(Task input):
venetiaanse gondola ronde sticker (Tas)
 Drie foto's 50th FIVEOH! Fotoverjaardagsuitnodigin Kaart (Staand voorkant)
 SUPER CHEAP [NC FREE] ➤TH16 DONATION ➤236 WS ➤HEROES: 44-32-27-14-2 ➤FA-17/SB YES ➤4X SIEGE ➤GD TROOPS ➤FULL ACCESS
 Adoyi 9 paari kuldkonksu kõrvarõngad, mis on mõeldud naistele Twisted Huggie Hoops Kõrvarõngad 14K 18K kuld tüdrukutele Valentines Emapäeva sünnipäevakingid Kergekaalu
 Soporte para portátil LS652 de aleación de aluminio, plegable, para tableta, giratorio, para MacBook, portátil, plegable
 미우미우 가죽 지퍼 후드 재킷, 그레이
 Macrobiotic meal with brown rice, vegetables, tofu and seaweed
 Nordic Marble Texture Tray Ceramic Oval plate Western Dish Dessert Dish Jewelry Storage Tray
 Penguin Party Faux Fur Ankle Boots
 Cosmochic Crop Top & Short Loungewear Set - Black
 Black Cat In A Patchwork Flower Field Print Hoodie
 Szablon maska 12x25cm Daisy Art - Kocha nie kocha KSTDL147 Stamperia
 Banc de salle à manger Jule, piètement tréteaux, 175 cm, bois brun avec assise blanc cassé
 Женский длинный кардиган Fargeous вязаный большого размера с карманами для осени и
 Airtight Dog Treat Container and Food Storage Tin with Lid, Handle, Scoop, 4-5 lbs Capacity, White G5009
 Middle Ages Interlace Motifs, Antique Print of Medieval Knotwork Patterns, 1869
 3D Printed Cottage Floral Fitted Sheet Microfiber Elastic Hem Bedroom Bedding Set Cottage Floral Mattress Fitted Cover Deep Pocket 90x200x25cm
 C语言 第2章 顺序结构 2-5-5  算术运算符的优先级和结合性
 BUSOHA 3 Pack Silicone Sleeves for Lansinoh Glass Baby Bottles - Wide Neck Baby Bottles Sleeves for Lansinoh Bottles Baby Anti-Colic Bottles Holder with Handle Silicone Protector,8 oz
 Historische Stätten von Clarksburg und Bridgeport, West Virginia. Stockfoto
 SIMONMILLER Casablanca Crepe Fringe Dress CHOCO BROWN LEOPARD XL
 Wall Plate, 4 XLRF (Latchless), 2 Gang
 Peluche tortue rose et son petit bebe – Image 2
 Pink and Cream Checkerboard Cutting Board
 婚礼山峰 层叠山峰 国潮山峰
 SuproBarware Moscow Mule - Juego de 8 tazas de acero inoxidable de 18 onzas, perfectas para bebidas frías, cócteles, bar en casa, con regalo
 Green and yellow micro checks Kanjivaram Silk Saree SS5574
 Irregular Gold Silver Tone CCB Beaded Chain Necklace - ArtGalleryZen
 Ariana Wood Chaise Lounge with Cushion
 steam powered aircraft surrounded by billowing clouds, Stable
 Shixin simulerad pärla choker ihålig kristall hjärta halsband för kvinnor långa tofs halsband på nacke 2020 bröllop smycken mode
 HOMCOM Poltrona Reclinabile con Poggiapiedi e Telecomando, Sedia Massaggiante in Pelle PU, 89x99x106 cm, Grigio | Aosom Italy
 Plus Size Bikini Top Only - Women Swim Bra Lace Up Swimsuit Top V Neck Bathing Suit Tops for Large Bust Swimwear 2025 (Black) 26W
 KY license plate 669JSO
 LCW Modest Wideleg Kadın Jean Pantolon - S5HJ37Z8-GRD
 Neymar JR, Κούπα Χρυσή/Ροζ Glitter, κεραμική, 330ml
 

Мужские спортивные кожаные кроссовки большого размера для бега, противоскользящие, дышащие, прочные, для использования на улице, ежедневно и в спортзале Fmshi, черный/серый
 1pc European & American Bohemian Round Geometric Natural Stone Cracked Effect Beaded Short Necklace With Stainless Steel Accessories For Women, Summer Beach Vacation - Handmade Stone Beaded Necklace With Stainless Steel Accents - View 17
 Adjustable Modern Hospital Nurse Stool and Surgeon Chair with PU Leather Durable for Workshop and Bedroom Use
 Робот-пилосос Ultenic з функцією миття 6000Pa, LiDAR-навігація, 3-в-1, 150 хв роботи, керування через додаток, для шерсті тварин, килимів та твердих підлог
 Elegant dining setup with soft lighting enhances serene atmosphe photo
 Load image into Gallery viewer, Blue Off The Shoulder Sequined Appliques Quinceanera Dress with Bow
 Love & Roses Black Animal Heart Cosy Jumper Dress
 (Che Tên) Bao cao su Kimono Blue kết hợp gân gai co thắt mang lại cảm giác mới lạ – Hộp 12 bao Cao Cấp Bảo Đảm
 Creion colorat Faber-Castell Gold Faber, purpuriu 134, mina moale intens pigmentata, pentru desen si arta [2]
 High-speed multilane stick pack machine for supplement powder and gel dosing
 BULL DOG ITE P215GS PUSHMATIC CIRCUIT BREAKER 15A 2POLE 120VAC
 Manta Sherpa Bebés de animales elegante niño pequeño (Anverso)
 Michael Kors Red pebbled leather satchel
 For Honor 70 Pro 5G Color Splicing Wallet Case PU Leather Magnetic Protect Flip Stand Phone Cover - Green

(Task requirements): Return every line from the entries that holds the string "Storage".

(Task result):
 Nordic Marble Texture Tray Ceramic Oval plate Western Dish Dessert Dish Jewelry Storage Tray
 Airtight Dog Treat Container and Food Storage Tin with Lid, Handle, Scoop, 4-5 lbs Capacity, White G5009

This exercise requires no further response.